In the course of any consulting career we’re inevitably going to fact moments when the buyer says, “You didn’t accomplish what I had expected. We want our money back.” And there will be those times when the buyer is probably or definitely right.

Let’s put aside the situations when the client has changed his or her mind and you’ve actually delivered the originally-desired results. And let’s ignore for the moment the fact that you should always have clear objectives and metrics to assess the progress toward results at any give juncture. The best of all possible worlds, Voltaire aside, doesn’t always eventuate.

So, what do you do? Let’s assume that the have a $25,000 contract, you’ve already collected $15,000, and $10,000 is outstanding, just to make things more interesting.

My response to these situations is to examine the options that are available. By suggesting viable options to the buyer, you can defuse hostility if it exists, and you can involve the buyer in a collaborative decision about what to do. Here are the normal options that I would see:

  1. Offer to continue to work on the project given the client’s current goals, provided that they are reasonable to accomplish and the buyer agrees to put the revised goals in writing with clear measures to signify accomplishment. Establish a defined time frame (from 30 to 90 days) finish the work, and get paid.
  2. Ask an objective third party to evaluate the existing project and to determine whether it has been successfully completed or not. This should be a peer of the buyer who in uninvolved to this point (never a subordinate or superior) and who can make a rapid evaluation. If that party feels you’ve met the original objectives, the buyer pays the balance due. If that party feels you haven’t, then the buyer has the option of #1 above or stopping now without paying he balance. (If the third party says “yes and no” or “partially,” offer to continue or to stop now with half the balance payable to terminate the project.
  3. Consider stopping immediately, waiving the balance due, but asking that the buyer sign an agreement that no other claims or liabilities exist. In other words, waiving the balance effectively terminates your accountabilities.
  4. Offer to refund a portion of the fee already paid, from half of it to all of it, if you deem that your poor performance is mainly responsible for the lack of results. This might include an illness forcing you to miss key dates, failing to appear at important meetings, employing a methodology which failed, etc.

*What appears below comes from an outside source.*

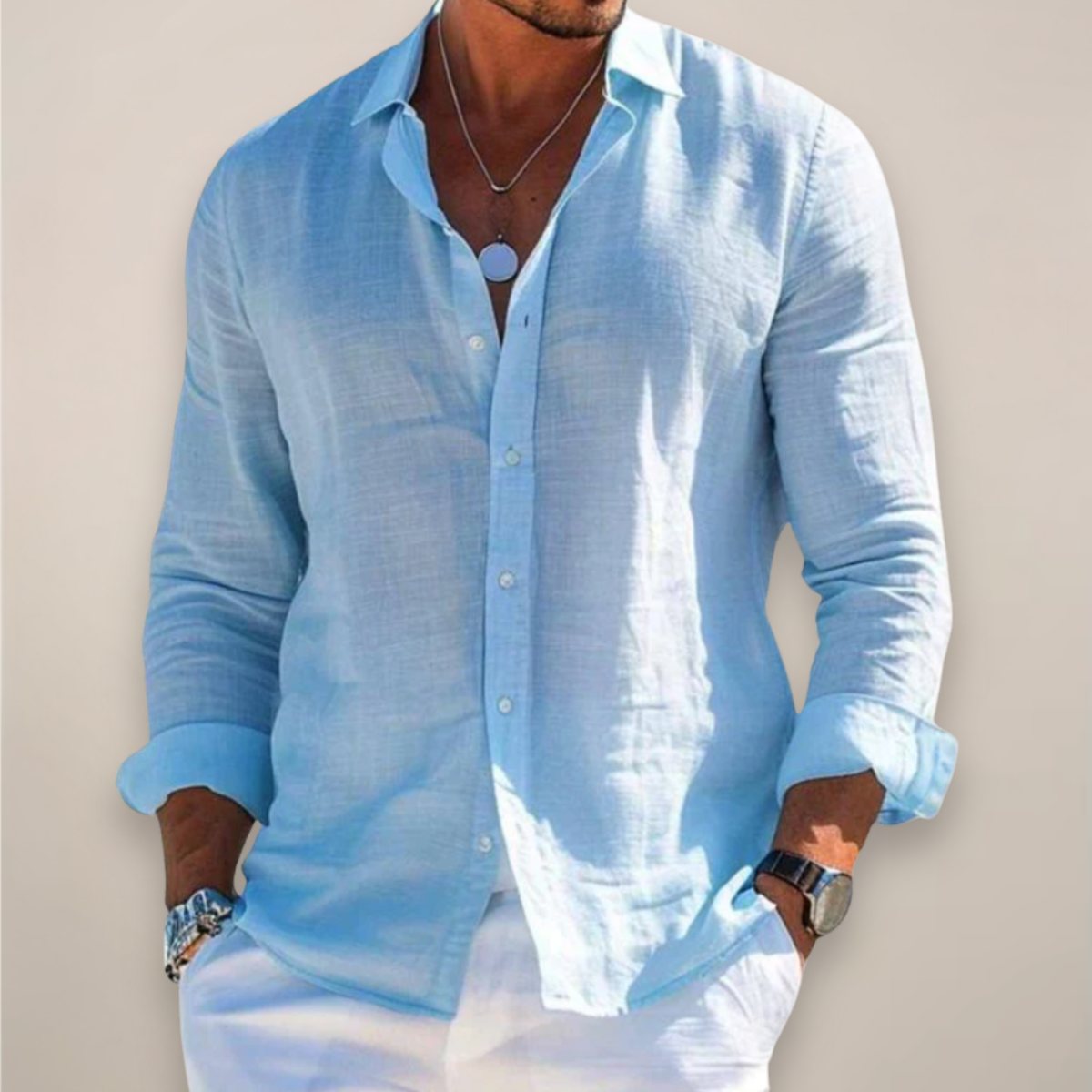 Felix | Men's Linen Long Sleeve Button Up Shirt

It’s probably that you’ll have this predicament once or twice in your career and, with high-risk clients, even more often. You don’t want to enter legal procedures with a more powerful and well-bankrolled adversary, and you don’t want your name ruined in a market segment or industry. There’s no shame in professionally resolving a dispute about results. After all, if you haven’t set objectives and metrics and carefully interacted with the buyer all along, you are at fault to some extent in any case.